__Exercise instructions__. As the answer, give exactly the lines of the records below from the one with "1 Bedroom Property" through the one with "2017 Genie GS-5390", ends included and pictures left out.

__Extracted records__.
——————————

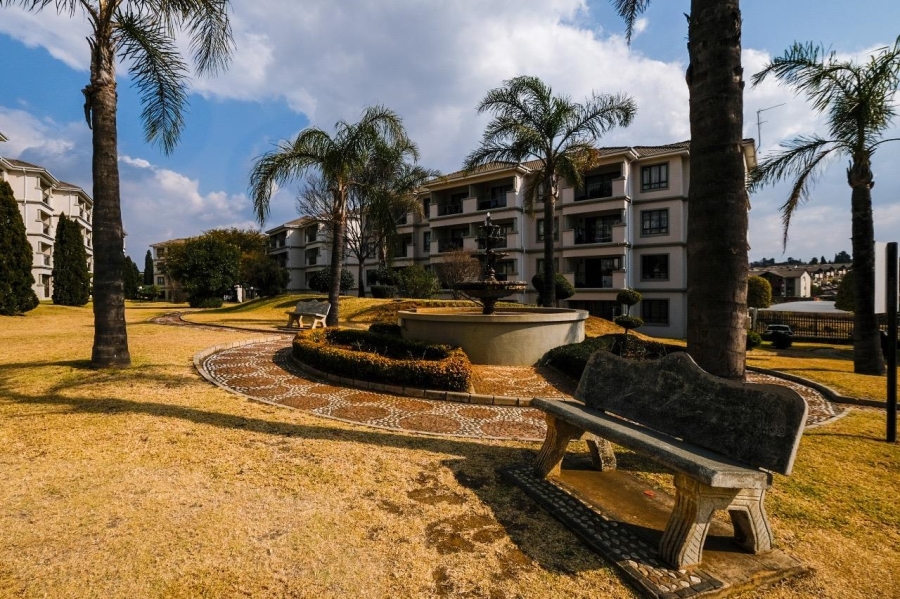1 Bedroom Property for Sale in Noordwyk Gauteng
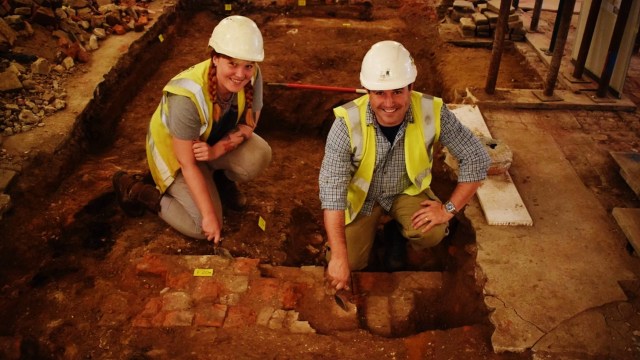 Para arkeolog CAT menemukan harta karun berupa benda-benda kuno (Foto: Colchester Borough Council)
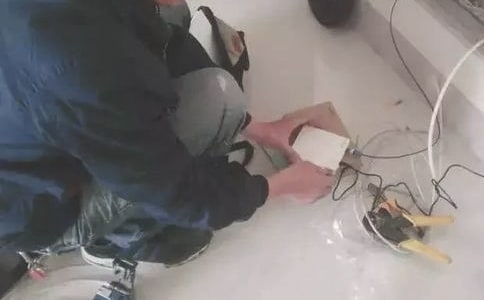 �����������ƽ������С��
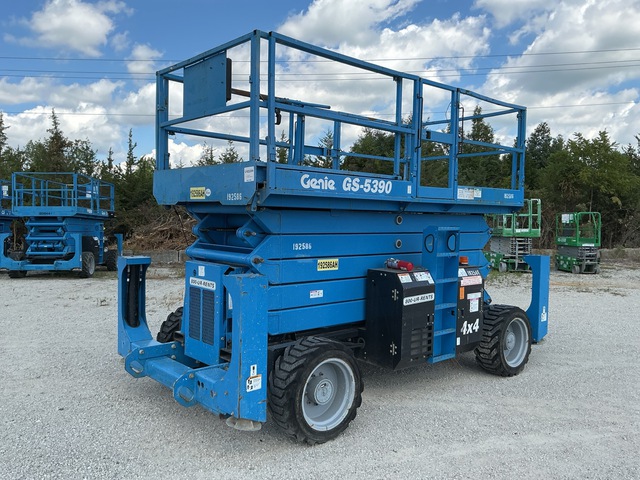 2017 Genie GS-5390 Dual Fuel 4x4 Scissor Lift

——————————

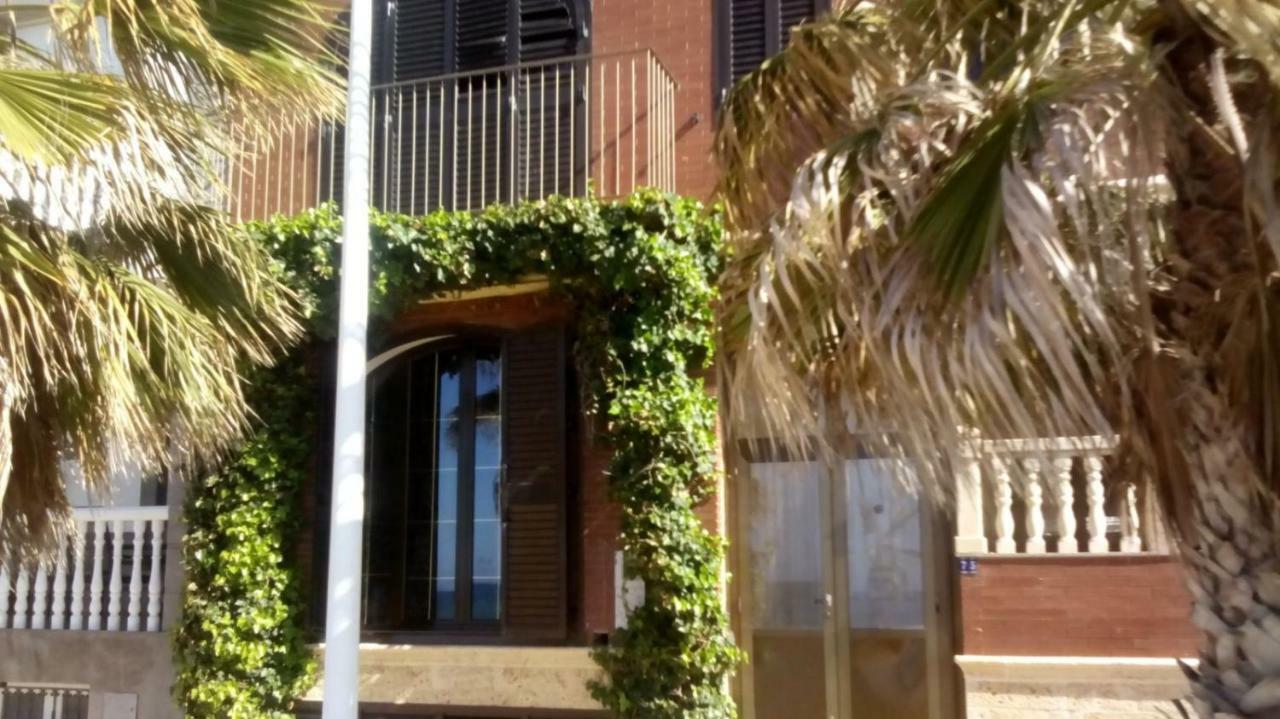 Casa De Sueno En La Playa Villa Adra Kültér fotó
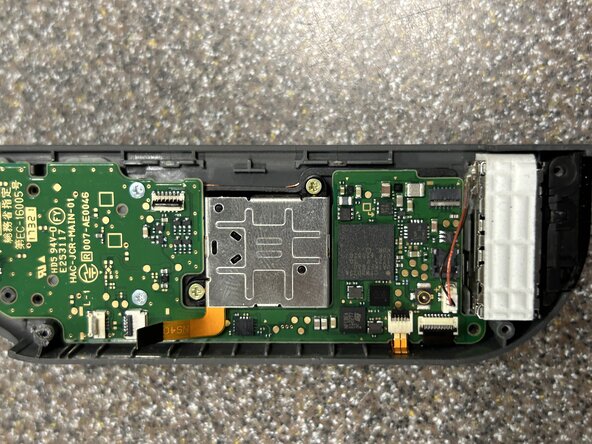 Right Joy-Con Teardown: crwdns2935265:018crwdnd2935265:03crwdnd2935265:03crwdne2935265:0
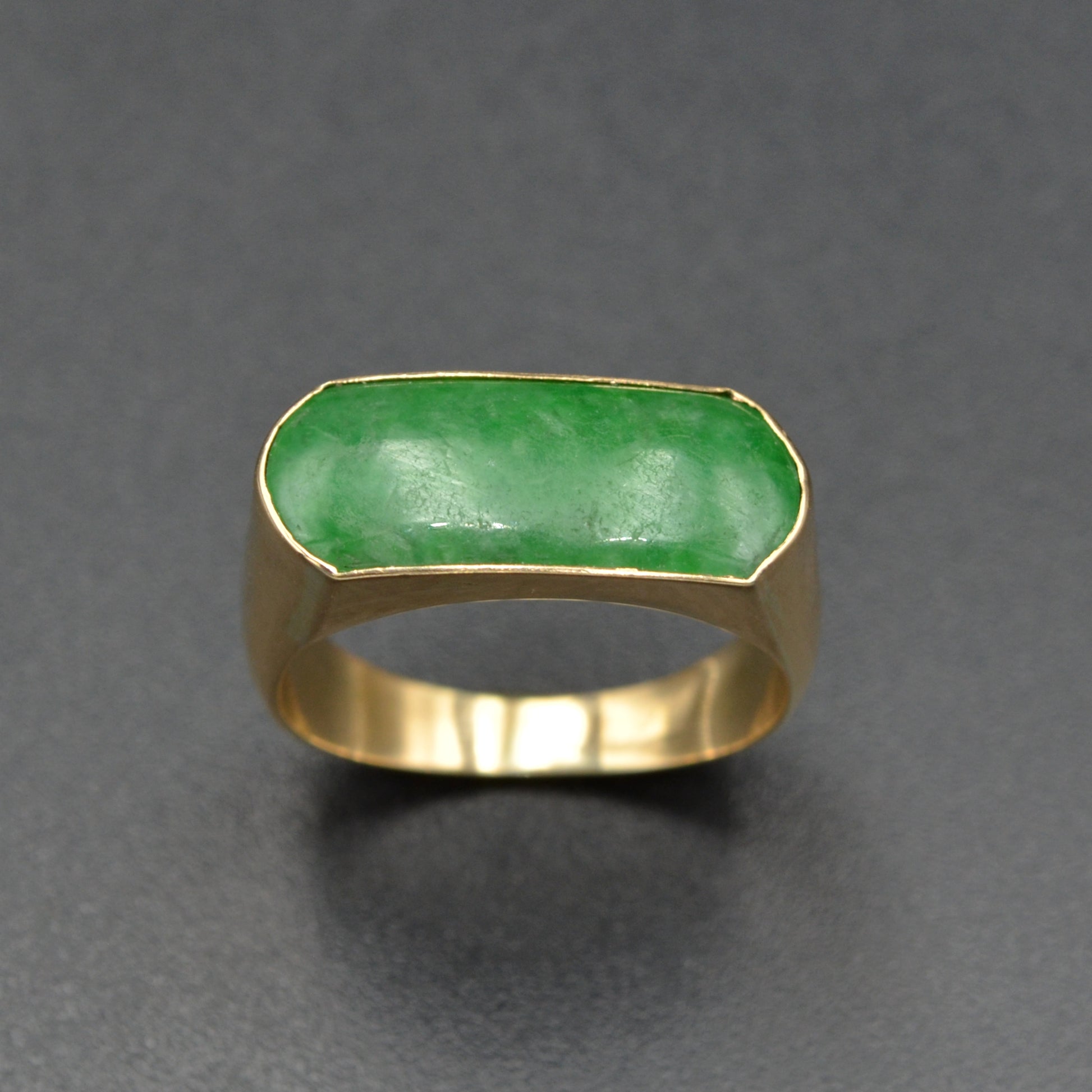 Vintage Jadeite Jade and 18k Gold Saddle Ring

——————————

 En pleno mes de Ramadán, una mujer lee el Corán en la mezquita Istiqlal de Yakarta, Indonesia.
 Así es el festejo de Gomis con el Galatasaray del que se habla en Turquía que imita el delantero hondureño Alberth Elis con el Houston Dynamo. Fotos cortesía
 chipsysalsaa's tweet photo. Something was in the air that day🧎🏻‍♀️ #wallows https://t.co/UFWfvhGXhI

——————————

__Response to the task__.
1 Bedroom Property for Sale in Noordwyk Gauteng
 Para arkeolog CAT menemukan harta karun berupa benda-benda kuno (Foto: Colchester Borough Council)
 �����������ƽ������С��
 2017 Genie GS-5390 Dual Fuel 4x4 Scissor Lift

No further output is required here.